Earthsight dan Auriga mendokumentasikan pertemuan dengan staf senior dua dari lima perusahaan tersebut, dan semuanya menyangkal membeli kayu deforestasi. 

Sementara Hilman menyebutkan kehancuran hutan Kalimantan tidak hanya tragedi Indonesia, tetapi global. Orangutan terusir, masyarakat adat dan lokal kehilangan ruang hidupnya, hingga iklim yang semakin tak menentu mencerminkan rapuhnya tata kelola kehutanan Indonesia. 

“Sebagaimana dalam laporan ini, deforestasi bahkan mencapai lahan gambut – ekosistem penyimpanan karbon raksasa yang seharusnya menjadi benteng terakhir pertahanan kita menghadapi krisis iklim. Setiap hektar hutan yang hilang mendekatkan kita pada kehancuran masa depan, menjauhkan generasi mendatang dari bumi dan hunian yang aman. Saatnya Indonesia menunjukkan kepemimpinannya dengan memastikan setiap komoditas, termasuk kayu, benar-benar bebas deforestasi,” ucapnya. 

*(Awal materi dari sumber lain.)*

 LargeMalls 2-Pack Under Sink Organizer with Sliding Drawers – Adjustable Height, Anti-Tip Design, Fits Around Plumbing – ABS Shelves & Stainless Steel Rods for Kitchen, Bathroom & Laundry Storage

Ironisnya lagi deforestasi di Kalimantan terus meningkat pada tahun-tahun terakhir. Pada 2024, deforestasi pulau ini mencapai 129.000 hektare, setara kota Roma atau Los Angeles. Pemanenan kayu mendanai konversi hutan alam, yang kaya sekaligus rumah bagi beragam spesies terancam punah, menjadi kebun monokultur skala luas. 

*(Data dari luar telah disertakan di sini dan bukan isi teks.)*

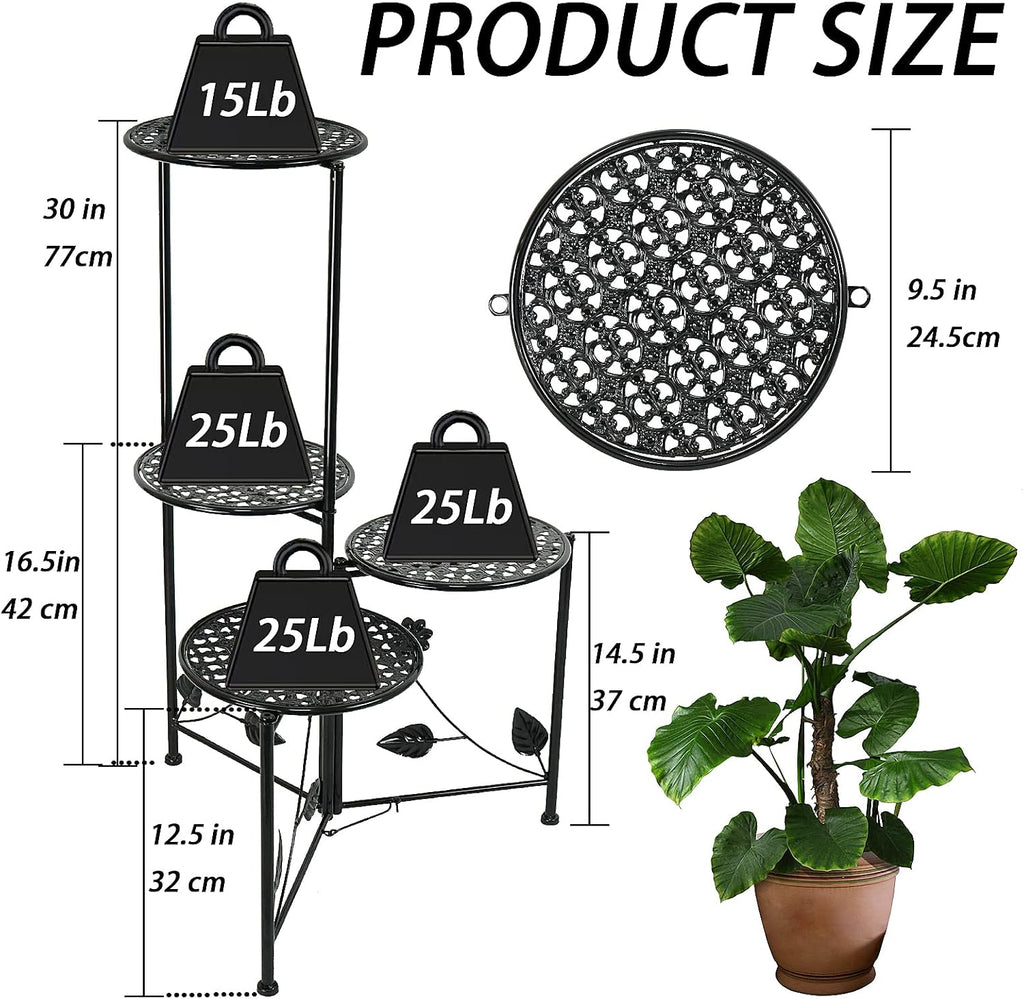 nakupe plant stand indoor outdoor, 4 tier metal shown in use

Ekspansi logging dan perkebunan yang tak terkendali turut menjadi penghancur hutan alam tropis pada berbagai dekade terakhir, menyisakan hanya sepertiga (36%) hutan utuh (intact forest) pada tahun 2019 dan menyumbang emisi sangat besar. Tahun lalu, emisi deforestasi Indonesia, sebagian besar di Kalimantan, lebih besar daripada emisi negara Belanda.